It will be appreciated that with the inner and outer frame components 12, 14 interconnected by the first and second bridges 20, 22, an elongate void is formed therebetween which, as illustrated, is filled with a foamed material 26.

As shown in Figure 1, adjacent its midpoint each of the bridges 20, 22 is provided with a re-entrant recess 28, the recesses 28 being aligned with one another and receiving respective end parts of a generally I-shaped tie member 30. As shown in Figures 2 and 3, the tie member 30 comprises upper and lower flanges 32 that, in use, are received within the recesses 28, the flanges 32 being interconnected by a web 34 that is formed with a series of openings 36.

As shown in Figure 1, the outer frame component 14 is provided with a similar pair of aligned recesses 28a, a similar tie member 30a being associated therewith.

During assembly or manufacture, as illustrated in Figures 4a and 4b, the inner and outer frame components 12, 14 are interconnected by the first and second bridges 20, 22, this conveniently being achieved by engaging end parts of the features 16, 18 in end parts of the recesses 24, and sliding the bridges 20, 22 in the axial direction relative to the frame components 12, 14. The tie members 30, 30a are similarly fitted in position by axial sliding. Once the frame components 12, 14, bridges 20, 22 and tie members 30, 30a have been assembled as shown in Figure 4b, a foaming material is introduced into the void 26 defined between the frame components 12, 14 and the bridges 20, 22, the foaming material foaming and expanding to fill the void 26. It will be appreciate that during foaming the material 26 is able to pass through the openings 36 provided in the tie members 30, 30a. Accordingly, in the finished product as shown in Figure 1 the foam material 26 extends continuously from the inner frame component 12 to the outer frame component 14. Furthermore, in this embodiment, the foam material extends continuously through the tie member 30a into the outer frame component 14, filling or substantially filling a void of hollow formed therein.

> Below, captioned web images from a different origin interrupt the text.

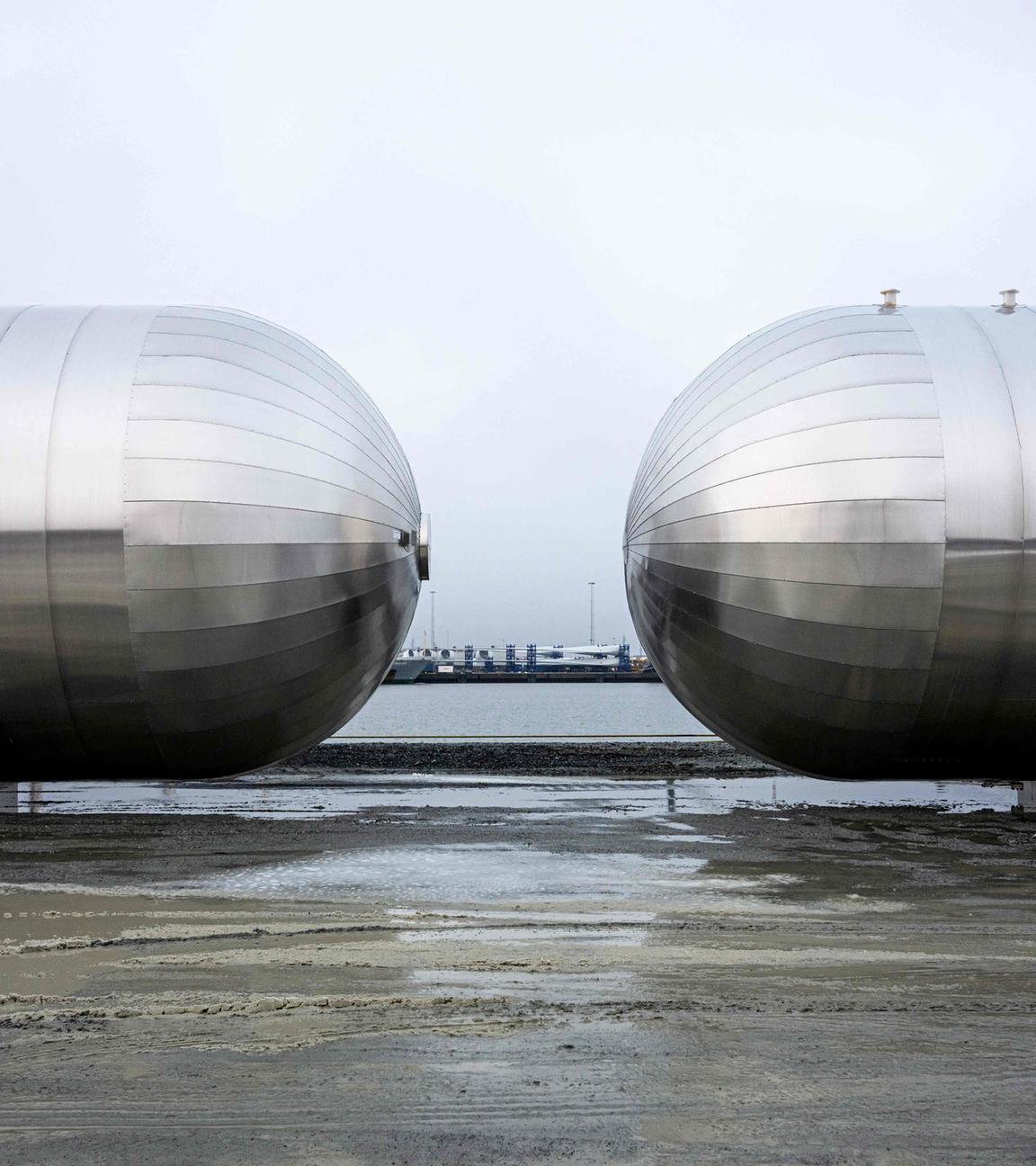 Zwei große CO2-Lagertanks aus Metall stehen an einem Hafen.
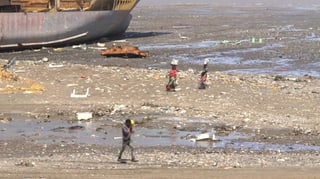 Menschen an einem verseuchten Strand. Zwei Frauen tragen Saris. Menschen an einem verseuchten Strand. Zwei Frauen tragen Saris.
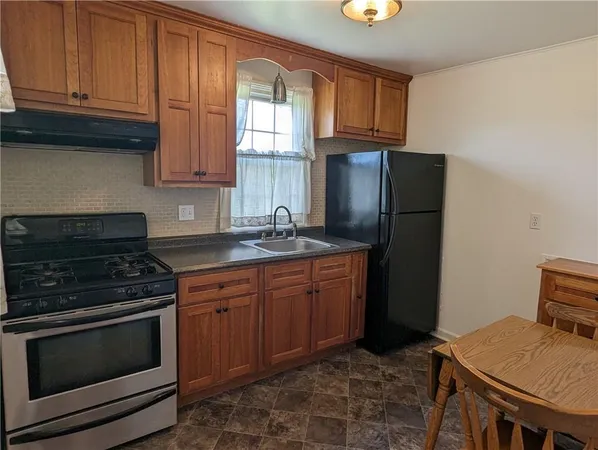 a kitchen with stainless steel appliances granite countertop a stove a refrigerator and a cabinets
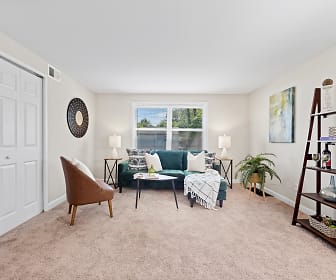 living area with carpet and natural light, Melvin Park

During foaming of the foam material 26, it will be appreciated that significant loadings are applied to the bridges 20, 22 urging them apart. However, the presence of the tie member 30 serves to resist such movement, thereby ensuring that the final product is of the desired shape and that bowing or other deformation of the bridges 20, 22 is avoided. Likewise, the presence of the tie 30a serves to resist deformation of the outer frame component 14 that could otherwise occur during foaming of the material located therein.

It will be appreciated that by providing the tie member 30 between the bridges 20, 22, and thereby resisting bowing or other deformation thereof, the distance by which the inner and outer frame components 12, 14 are separated can be increased leading to an enhancement in the thermal insulating properties of the frame member 10 without resulting in deformation of the product.

Whilst the description hereinbefore relates to an arrangement in which both of the bridges 20, 22 take the form of extruded plastics material components or the like, the invention is not restricted in this regard. Figures 5a to 5f illustrate an arrangement in which the first bridge 20 is of this form, but in which the second bridge 22 is manufactured using a so-called pour-and-cut method. In this arrangement, as illustrated in Figure 5a, the inner and outer frame components 12, 14 are manufactured integrally with one another, the inner and outer frame components 12, 14 being interconnected by an integral bridge part 40. The bridge part 40, together with the inner and outer frame components 12, 14, define upper and lower pairs of channels 42, 44. The channels 42, 44 are each shaped to include lips or projections arranged, in use, to interact or interlock with a resin material.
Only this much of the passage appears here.